Give back exactly the line containing "Basic Barrel Baggy Jeans" and all that follow it in the data below, with the pictures left out.

━━━ Supplied records ━━━

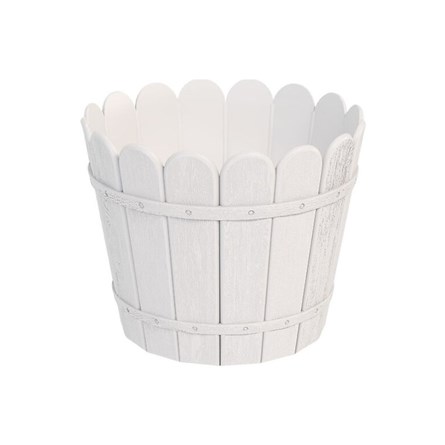 Lider Vaso rotondo 30 cm - Bianco #341271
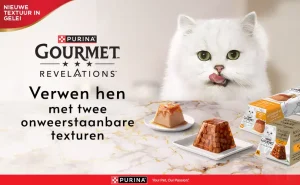 Afbeelding 100% Terugbetaald- Gourmet Revelations 100% verwennerij voor je kat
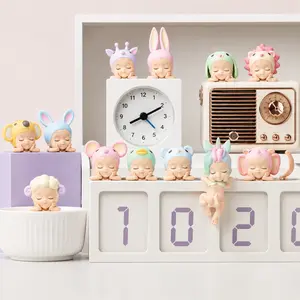 Sonny Angel HIPPERS Dreaming Series - Original Mini Figure/Limited Edition - 1 Sealed Blind Box Random Cute Collectible Figurines Gift for Kids Birthday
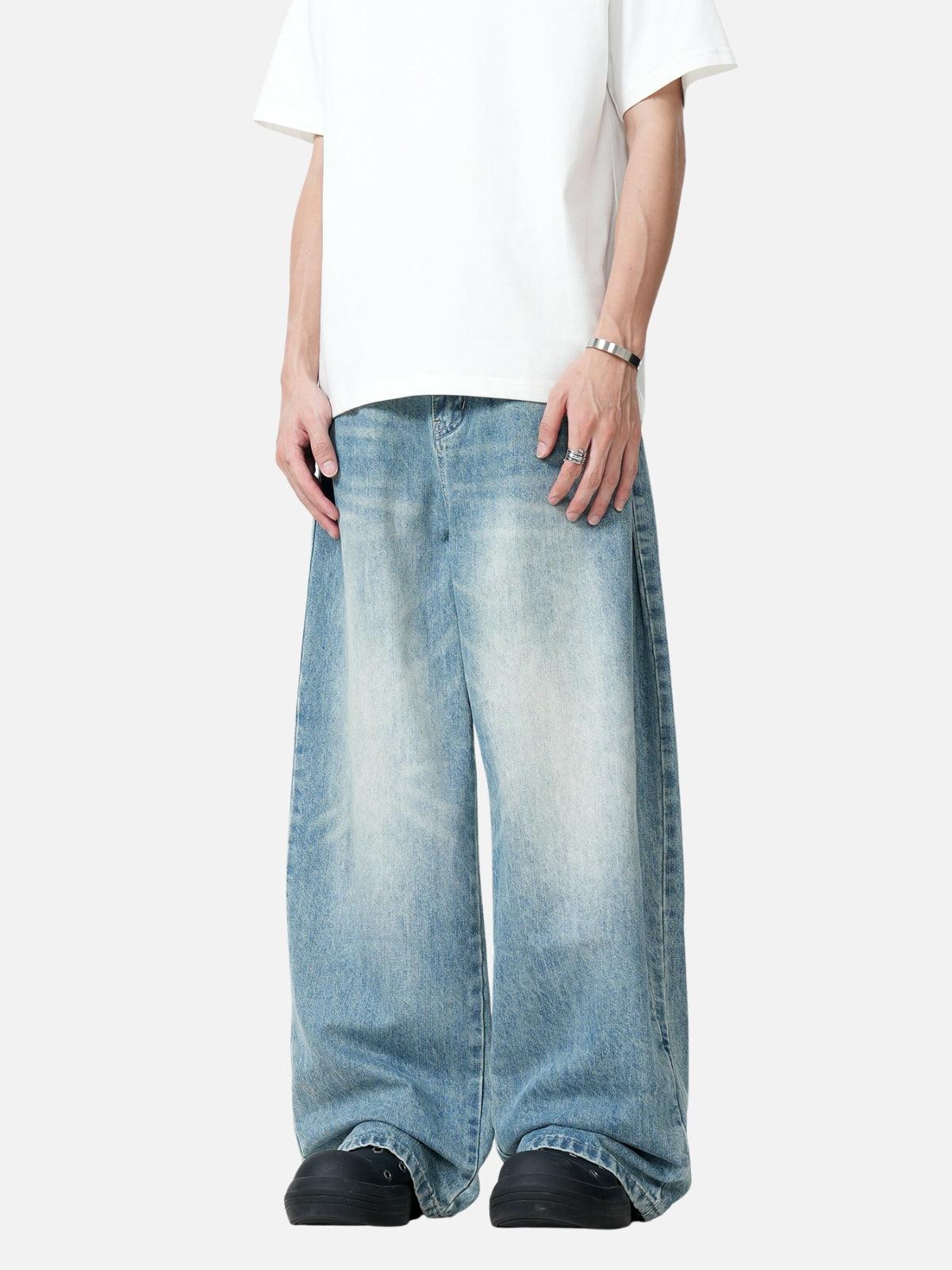 Basic Barrel Baggy Jeans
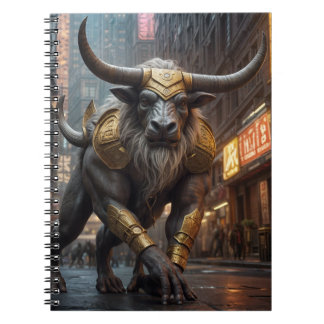 Minotaurus Boek Notitieboek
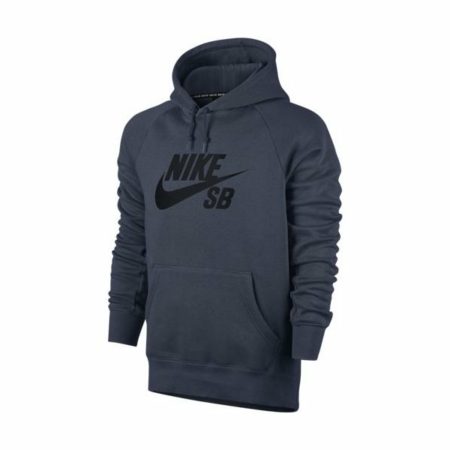 846886-471 Nike SB Icon Hoodie Thunder Blue at BAYSIXTY6 Skate Shop f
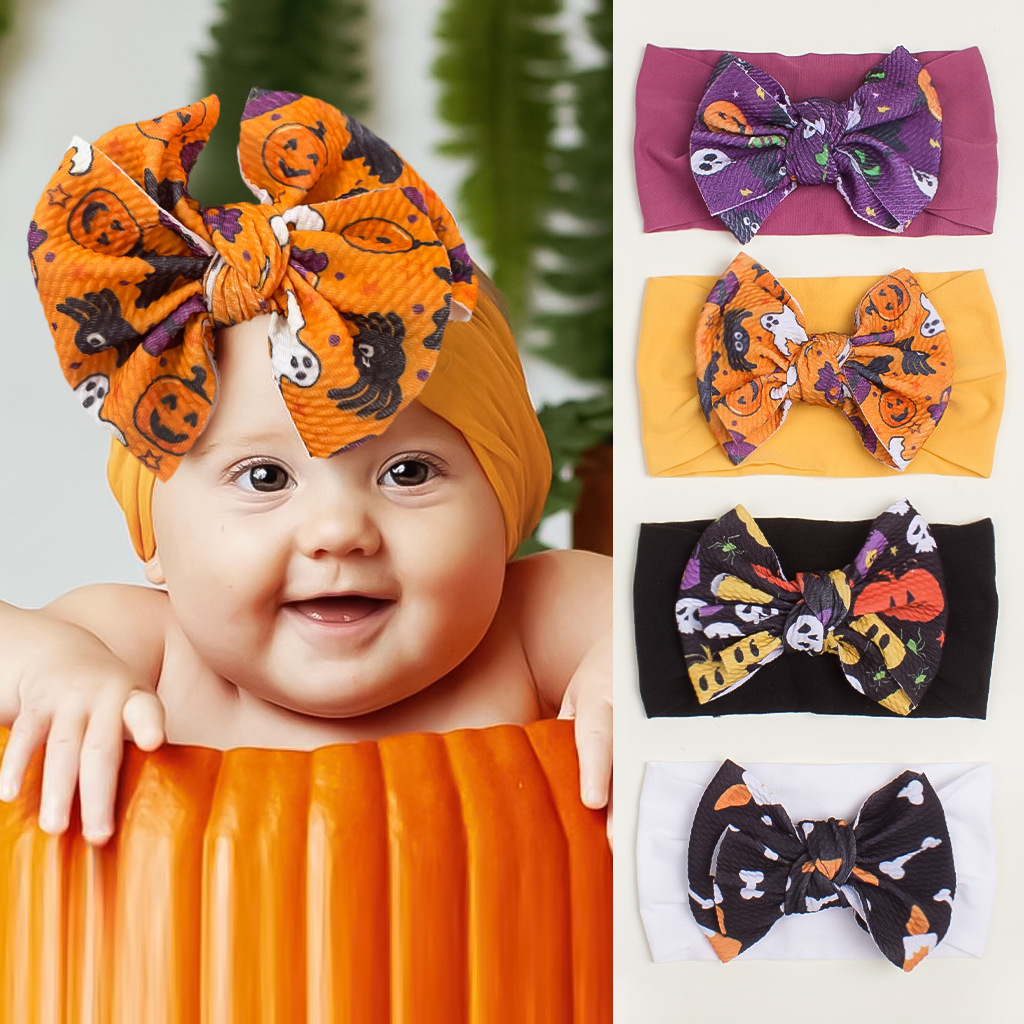 New Halloween Soft Childrens Hair Accessories photo 1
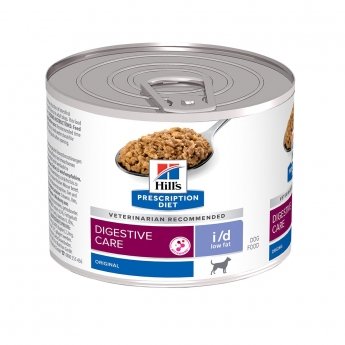 Hills Prescription Diet Canine i/d Digestive Care Low Fat (200 g)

━━━

Your response
 Basic Barrel Baggy Jeans
 Minotaurus Boek Notitieboek
 846886-471 Nike SB Icon Hoodie Thunder Blue at BAYSIXTY6 Skate Shop f
 New Halloween Soft Childrens Hair Accessories photo 1
 Hills Prescription Diet Canine i/d Digestive Care Low Fat (200 g)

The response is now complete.